Following Mommypotamous' recipe, I made a half batch of fluffy sticky clouds of goodness. Basically, you mix a honey caramel with dissolved gelatine, beat it until it's fluffy, then let it sit overnight. It's a basic concept but it's not so basic seeing as you have to make a CARAMEL.

First, you dissolve the gelatine with the water. You'll wonder how the hell the hard gel goo is gonna result in something fluffy, but be prepared to be amazed.

Then you put water, flavour (I put vanilla), salt and a beehive of honey into a pot and 'keep on medium high heat until it reaches 240 degrees'. Big problem. a. My stove is ultra strong and it's really hard to tell what's medium and what's high and b. I haven't got a candy thermometer. So I put it on what would've been high heat and let it go. I knew it would take a while so I left for thirty seconds and...

When I came back, it had volcanoed and there was honey caramel all over the stove and everywhere!
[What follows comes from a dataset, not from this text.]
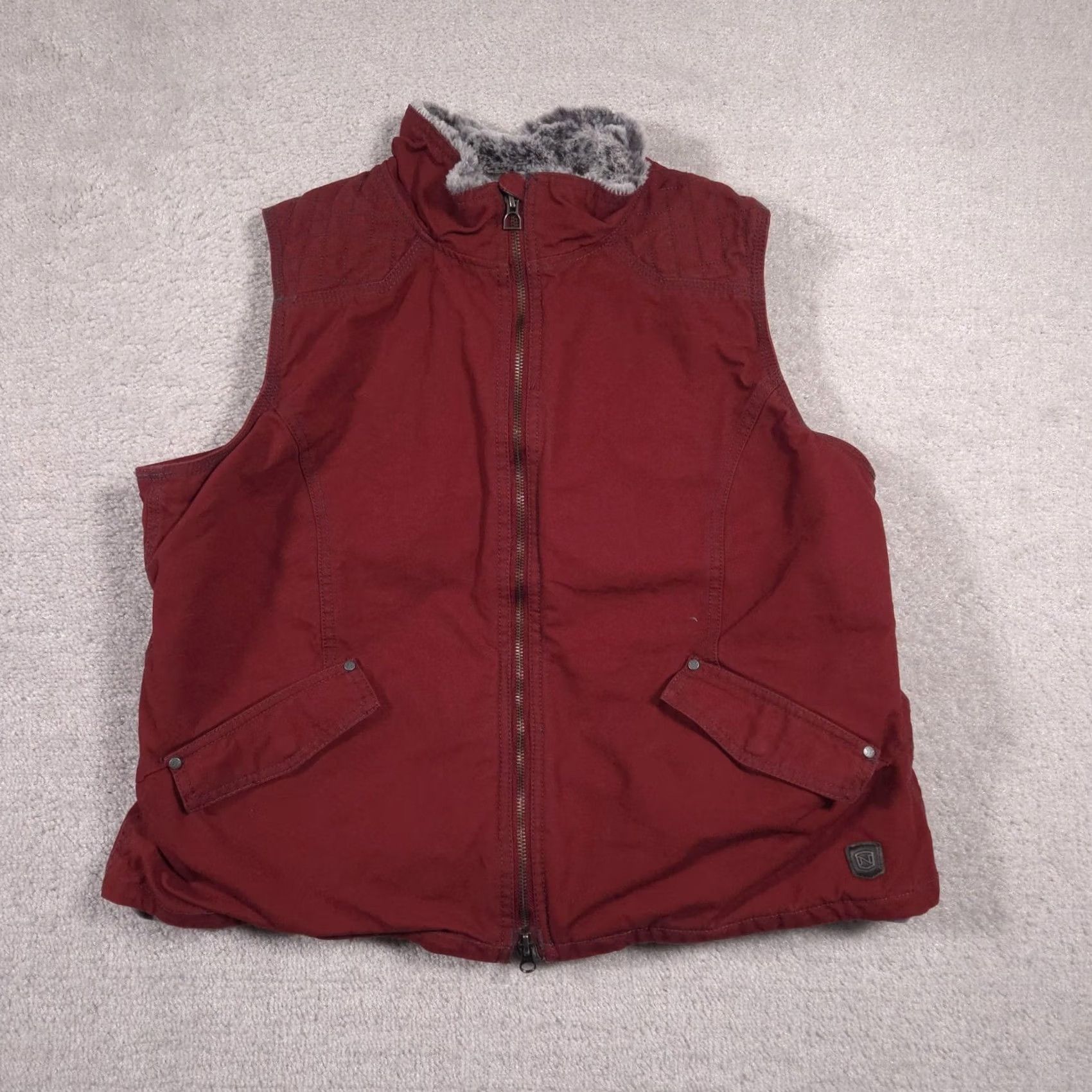 Vintage Noble Outfitters Vest Womens XL Burgundy Sherpa Lined Zip Pockets Outdoor Riding Size XL / US 12-14 / IT 48-50 - 2 Thumbnail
I turned the heat down but I had to keep turning it up for the caramel to do something.

So after vigorously stirring a pot of bubbling candy (I know, French chefs, sue me for touching my caramel) it eventually reached soft ball stage. I dropped a bit in cold water and it makes a soft little ball in your hand. And once I realised it was done, I think I overcooked it. The second before I took it off, it was fine, but when I stopped mixing it it took on a funny smell.

Regardless, I called James to help pour it into the funny gelatine stuff which would be easy enough for me to do by myself next time. I whipped it up, and that only took five minutes. Then it went into my prelined baking tin with some arrowroot on top. Next time that lining will be done so much better.

Then I had to lick everything clean, which was a lot of marshmallow cream. But I put the semi clean beaters and spatula and stuff in hot water for five minutes and it all dissolved. Urgh. Next time I know I don't have to clean it with my mouth.

And then you just let it sit for four hours. I cut it at four hours and the other half after overnight, and there wasn't too much difference in firmness. And I toasted a bit and it kinda melts. Oh well. I'll try toasting it when it gets older. James liked it, so guess who's making marshmallows more often? :)

Wednesday, 8 May 2013

Lightning Speed Chocolate Fixes

You know what tastes good with a few tablespoons of the ol' cocoa powder and a drizzle of honey (or maple syrup or some coconut sugar)?

- Coconut oil. Make a thick liquid and pop it in the fridge for ten minutes and you get hard fudgey chocolate square stuff. Or dip frozen fruit into it and you've got yourself a magic shell!
- Avocado. Purée and stir it all up and people call it a mousse but I'd say you could probably use it as a cake icing or something like that. But don't be fooled. I will allow you to eat a large serving of it straight from a bowl.
- Tahini. I try to stop thinking of tahini as 'hummus' and start thinking of it as 'sesame seed butter'. I made a tahini-based sauce the other day and mum said it tasted like a satay, so that opened my eyes a bit more about tahini. So this morning I mixed one part tahini, one part cocoa and probably one and a half parts carob syrup (which is naturally high in sugar). And it was just like a thickish chocolate paste! It was awesome. It would make a really nice icing or chocolate spread for something. Oh and I added cinnamon to it.

I'd also love to try coconut butter and cocoa powder and honey. I'll let you guys know the turnout once I try it!

You know what else is good with chocolate? Cinnamon and cayenne. I added it to my avocado mousse and oh ma gawd it's amazing. I love chilli, and adding it to chocolate kinda brings out the flavour but gives it it's own spice too. And the cinnamon grounds the cayenne and makes it more homely. Cinnamon makes everything homely. I mean, what's less homely than smelling cinnamon stewing away in an apple pie scented home?